··· PROVIDED ENTRIES ···

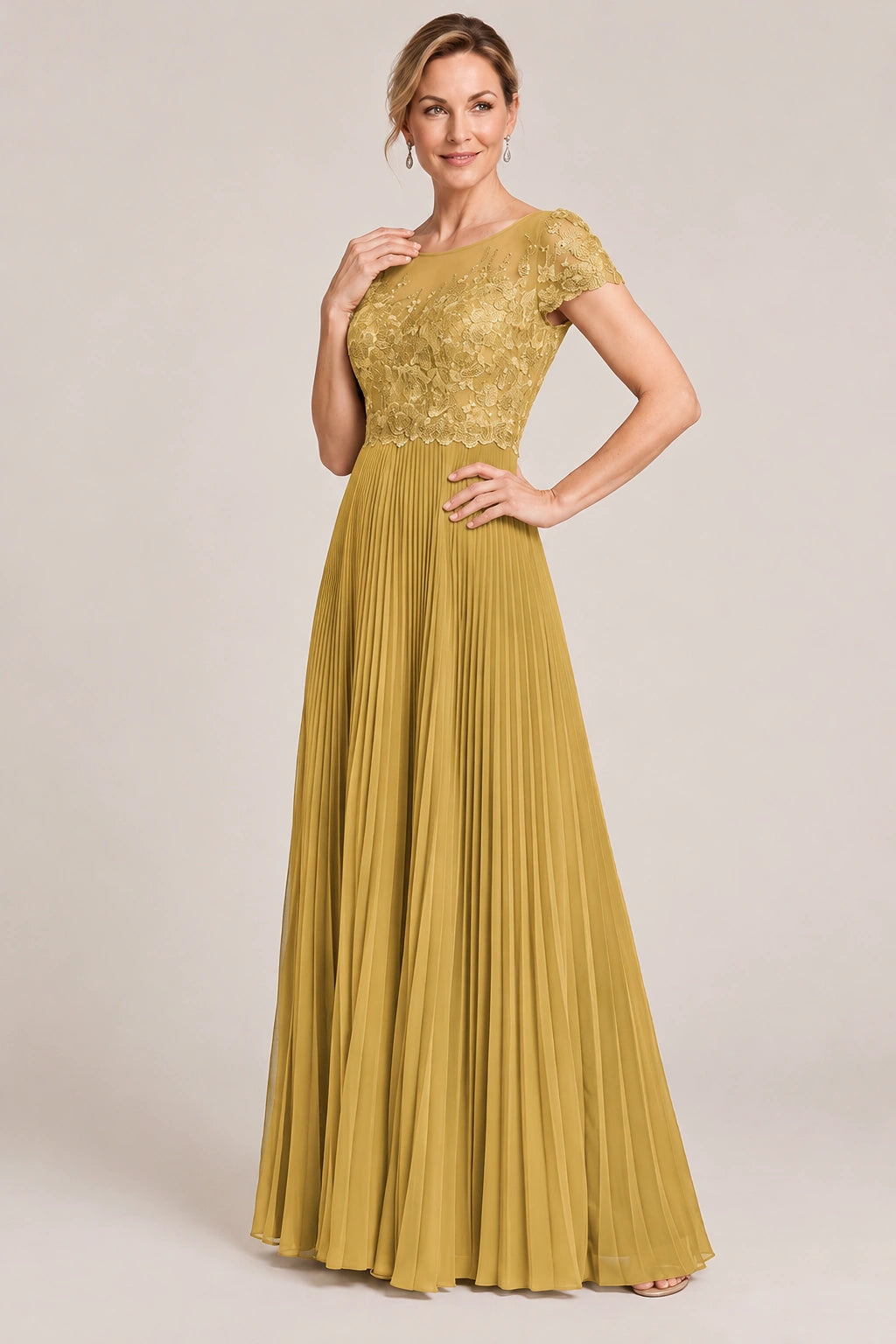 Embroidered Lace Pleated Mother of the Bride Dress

···
··· PROVIDED ENTRIES ···

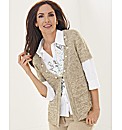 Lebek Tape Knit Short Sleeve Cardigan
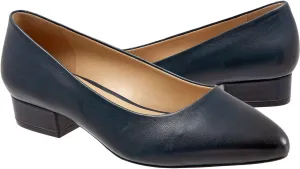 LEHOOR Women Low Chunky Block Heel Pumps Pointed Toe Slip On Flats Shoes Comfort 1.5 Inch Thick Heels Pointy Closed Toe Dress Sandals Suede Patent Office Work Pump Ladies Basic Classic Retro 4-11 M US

···

PROBLEM STATEMENT - Using the data above, print only the lines starting at the one with "Lebek Tape Knit Short Sleeve Cardigan" and ending at the one with "LEHOOR Women Low", exactly as they stand, minus the pictures.

EXPECTED OUTPUT -
 Lebek Tape Knit Short Sleeve Cardigan
 LEHOOR Women Low Chunky Block Heel Pumps Pointed Toe Slip On Flats Shoes Comfort 1.5 Inch Thick Heels Pointy Closed Toe Dress Sandals Suede Patent Office Work Pump Ladies Basic Classic Retro 4-11 M US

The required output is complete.